Little Language

One spin-off of the UnixDesignPhilosophy was the realization that it is easier to implement a task-specific language optimized for that task than it is to implement a general-purpose language optimized for all possible uses. The Little Language title was given by JonBentley in the Communications of the ACM [Jon Bentley, "Little languages", Communications of the ACM, 29(8):711-21, August 1986.].

What Bell Labs did was to make separate languages for the tasks they found, and optimized them for those tasks. These tasks include:

Pattern matching (and thus RegularExpressions were born)
text line editing (ed/sed)
language grammar (lex/yacc)
Regex record data manipulation (AWK [AwkLanguage])
shell services (sh)
text formatting (troff/nroff); spawned multiple interacting little languages:
- picture drawing (pic, IDEAL)
- graph drawing (grap, dot, GnuPlot)
- typesetting mathematics (eqn)
- typesetting tables (tbl)
- CHEM (chemical structures)
- bib, refer (bibliographic notations)
- dformat -- data structure/record format drawings
- ptx (create permuted KWIC (keyword in context) index)
- macro packages like mm, me, ms
incremental rebuilds (make)
preprocessing (cpp, m4)
arithmetic (dc [DeeCee], bc)
find (non-power users may not have noticed that it supports full boolean expressions over file attributes)

After UNIX left Bell Labs, more other little languages got added to it, including:

shell services (csh, ash, ksh, zsh, bash, tcsh, etc.)
file editing (vi) (vim and several other clones are now big)
sendmail CF configuration language (TuringComplete, I think, but obfuscated)

I know there are more. Could someone fill these in? Thanks.

Little Languages have these characteristics:

may or may not be TuringComplete (see table below)
very efficient to execute (for example, sed scripts don't need to be tokenized; they already are.) both in terms of speed and memory (most cases) in their intended scope.
reasonably simple to express (RegularExpressions are simple enough to be concisely described on a single sheet 8 1/2"x11" paper, single spaced, 10 point font.)
very powerful, within their scope, frequently to the logical extreme of their scope.
pathologically cryptic, requiring users to become experts before using them
Some little languages are not designed with efficiency in mind at all. Instead, it's intended to save the developer time and effort by allowing her to express her intentions at a much higher level of abstraction. This allows the developer's programs to be much shorter than equivalent programs in other languages.

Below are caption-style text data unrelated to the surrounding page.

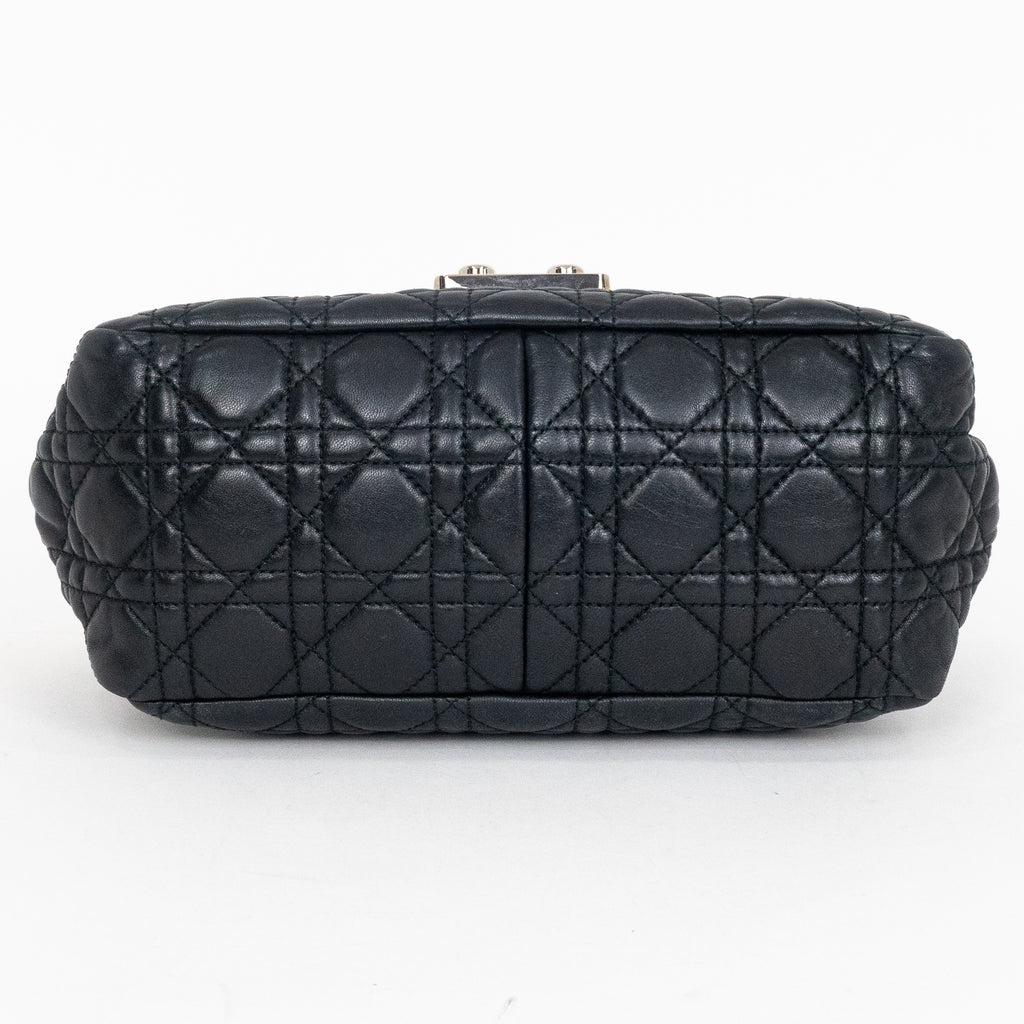 Shoulder Bag New Lock Black Cannage Leather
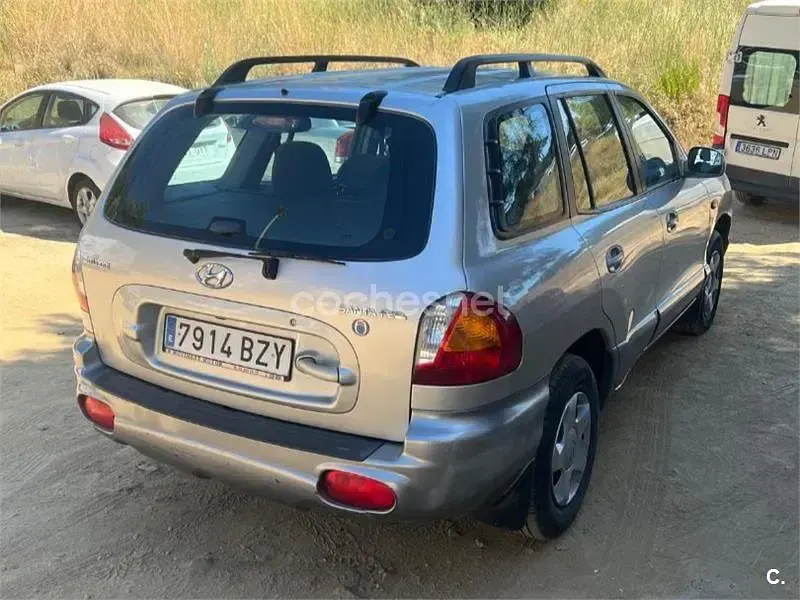 Usado Hyundai Santa Fe GLS 145 CV (106 kW) 2002 Gris / plata SUV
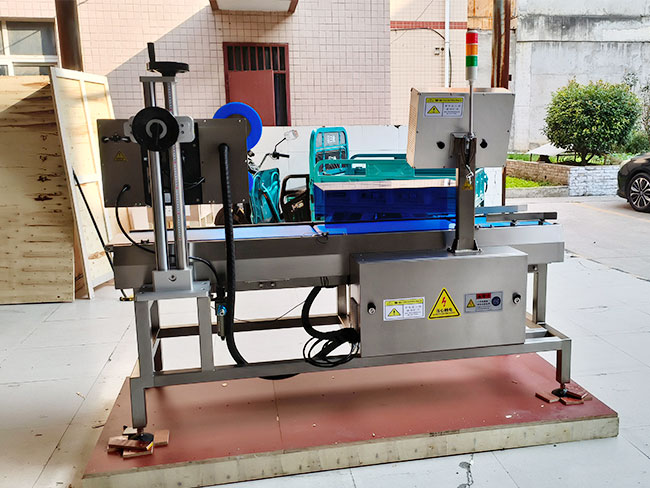 平面自動(dòng)貼標(biāo)機(jī)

The "little" part primarily refers to the scope of what the language tackles. (For example, TeX is purely focused on typesetting, so it qualifies as a little language no matter how big the implementation). Little Languages are related to:

DomainSpecificLanguages: a little language is a kind of domain specific language in a very narrow domain.
MinimalistLanguage, a language whose interpreter/compiler can be run on systems with very little RAM. Unfortunately, this typically requires user programs to be much longer than equivalent programs in other languages, as the user manually implements stuff the interpreter left out.
LowKeystrokeFormalLanguages ?

Below is a long discussion about the TuringCompleteness of the languages above. Let's summarize here what we know about the TuringCompleteness of the above:

RegularExpressions: not TC, equivalent to FiniteAutomata, but is TC if match and replace and also repeats are allowed
ed/sed: TC (but data may be tricky to represent)
lex/yacc: not TC per se, equivalent to PushDownAutomata? (ContextFreeGrammars?)
AWK: TC
vi/ex: TC
sh: almost TC, only needs some way to manipulate data structures (dd is enough; dd/sh is even used to distribute CLC-INTERCAL)
troff/nroff: ?
TeX: TC
make: not TC, lacks means for representing data. Needs a shell to do anything.
cpp: some implementations are TC (but loops have to be written by #include'ing the current file)
m4: TC
dc/bc: TC (but data may be tricky to represent)
IDEAL: not TC

Other little languages:

"dc is the oldest language on Unix; it was written on the PDP-7 and ported to the PDP-11 before Unix [itself] was ported." (KenThompson)
Tcl "ToolCommandLanguage" ( see "little language" -- http://wiki.tcl.tk/3075 )
"SQL used to be a little language"
the Berkeley Packet Filter (BPF)
control languages for the BPF, such as OpenBSD's pf (http://www.openbsd.org/cgi-bin/man.cgi?query=pf.conf&apropos=0&sektion=5&format=html)
Would Jakarta Struts application configuration (struts-config.xml) be considered a little language? Only if you consider every XML DTD to be a little language.
BitScope? http://massmind.org/techref/language/meta-l/bitscope.htm
RebolLanguage ??? REBOL isn't a little language itself, but it's designed for creating them. --Gregg Irwin
LOGO ??? Logo is a dialect of Lisp, but it's not a little language. The little language inside Logo is the one related to Turtle Graphics. --Gregg Irwin
In general, LowKeystrokeFormalLanguages tend to be LittleLanguages?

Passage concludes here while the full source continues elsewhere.